What is Sexual Harassment?
Sexual harassment is committed by an employer, employee, manager, supervisor, agent of the employer, teacher, instructor, professor, coach, trainor, or any other person who, having authority, influence or moral ascendancy over another in a work or training or education environment, demands, requests or otherwise requires any sexual favor from the other, regardless of whether the demand, request or requirement for submission is acceptable by the object of said Act. (Sexual Harassment Act, RA 7877)
In a work-related environment, sexual harassment is committed when:
a) The sexual favor is made as a condition in the hiring or in the employment, re-employment or continued employment of an individual;
b) Granting an individual favorable compensation, terms, conditions, promotions or privileges, or
c) The refusal to grant sexual favor results in the limiting, segregating or classifying the employee which in any way would discriminate, deprive or diminish employment opportunities or otherwise adversely affect said employee. (The Seven Secrets of Success in Employee Discipline and Dismissal, by Atty. Josephus B. Jimenez, p.621.).
The duty of the employer of head of the work-related, educational or training environment with respect to the issue of sexual harassment are as follows:
a) To prevent or deter the commission of acts of sexual harassment;
b) To provide procedures for the resolution, settlement or prosecution of acts of sexual harassment.
c) Promulgate appropriate rules and regulations in consultation with and jointly approved by the employees or students or trainees, prescribing the procedure for the investigation of sexual harassment cases and the administrative sanctions therefor. Such rules and regulations shall include guidelines and proper decorum in the workplace and educational or training institutions.
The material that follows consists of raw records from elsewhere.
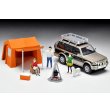 画像3: TOMYTEC 1/64 Diorama Collection 64 # Car Snap 01b Camp (3)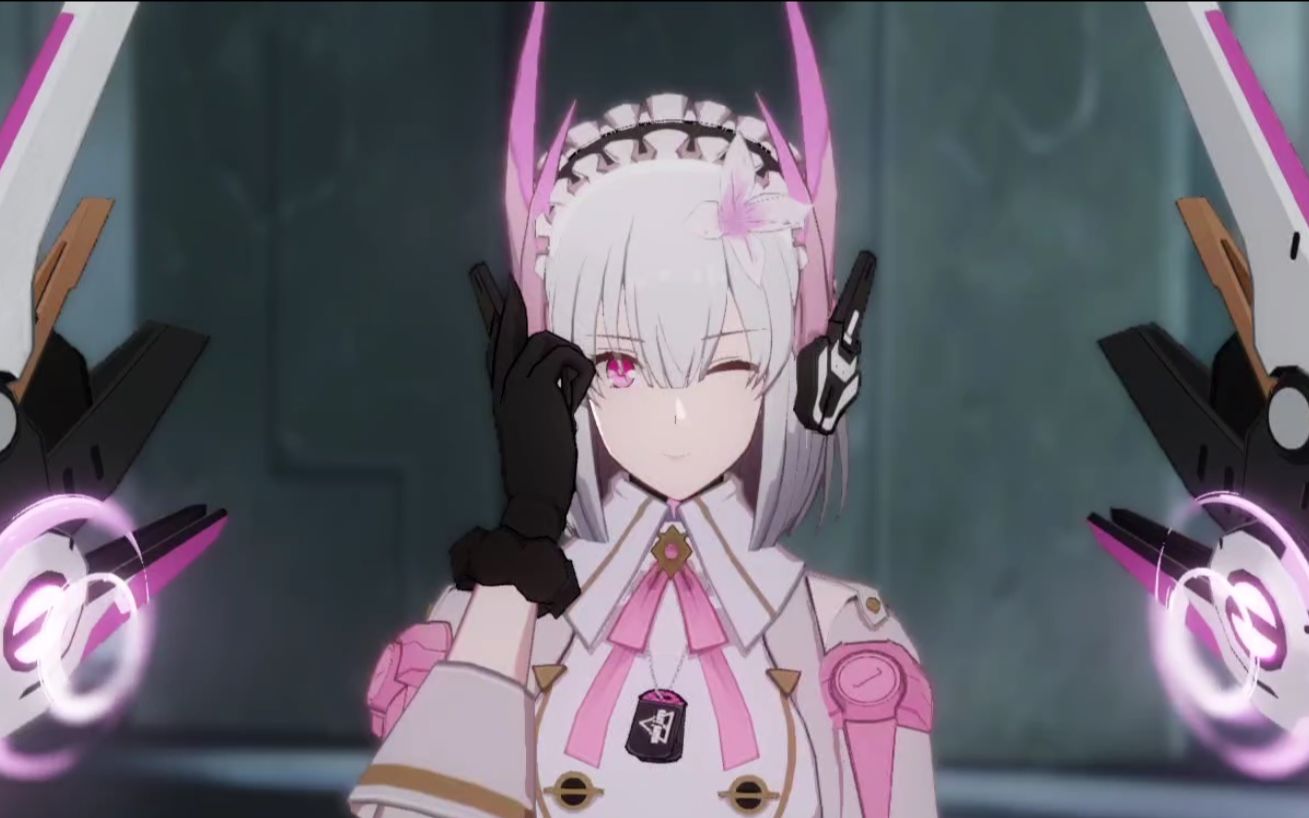 战双·帕弥什 意识营救战10 丽芙·流光(非攻略)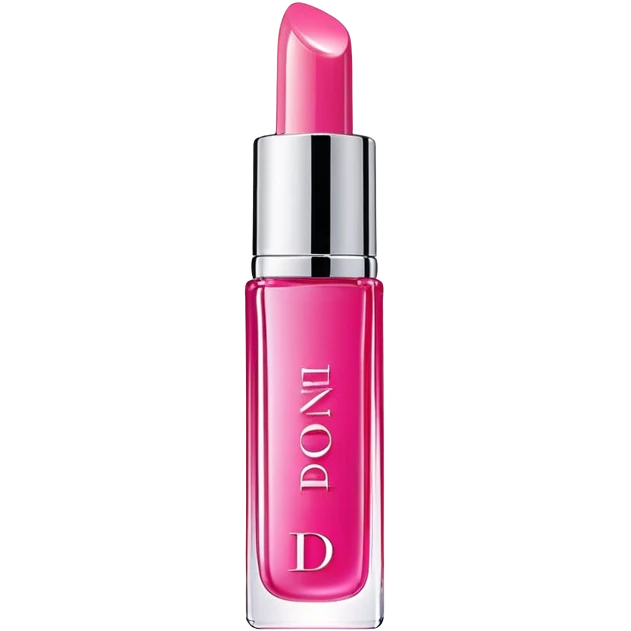 Dior lip oil emoji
d) Create a committee on decorum and investigation of cases on sexual harassment. The committee shall be composed of at least one (1) representative each from the management, the union (if any), the employees from the supervisory rank, and from the rank and file employees. In case of educational institutions, the committee shall be composed of at least one (1) representative from the administration, the trainors, teachers, instructors, professors, coaches and students or trainees, as the case may be. The employer or educational institution shall disseminate or post a copy of the Sexual Harassment Act for the information of all concerned in the work premises.
Administrative sanctions shall not be a bar to prosecution in the proper courts for unlawful acts of sexual harassment. Any action arising from the violation of the provisions of the Sexual Harassment Act shall prescribe in three (3) years.
Let it be known that the concept of sexual harassment in the workplace is not about a man taking advantage of a woman by reason of sexual desire; it is about power being exercised by a superior officer over his subordinates. The power emanates from the fact that the superior can remove the subordinate from his workplace if the latter would refuse his amorous advances. [YOLANDA FLORALDE, NIDA VELASCO and NORMELITA ALAMBRA vs. COURT OF APPEALS, G.R. No. 123048. August 8, 2000]. Therefore, sexual harassment can be committed by a woman against her male subordinates, or a male against his male subordinates, if power is being exercised and the power emanates from the fact that the superior can remove the subordinate from the workplace if the latter refuses the superior’s amorous advances.
The following have already been ruled by the Supreme Court as acts constituting Sexual Harassment:
a) Touching the hands and shoulder, and caressing the nape of his subordinate employee (Carlos Libres vs. NLRC, May 28, 1999, G.R. No. 123737)
b) A presiding Judge, using his position by demanding and soliciting sexual demands from his subordinate to enter his room daily for a kiss as a condition for the signing of the subordinate’s permanent appointment as a bookbinder in his Court. (Rogelio M. Esteban vs. Sandiganbayan, G.R. Nos. 146646-49, March 11, 2005).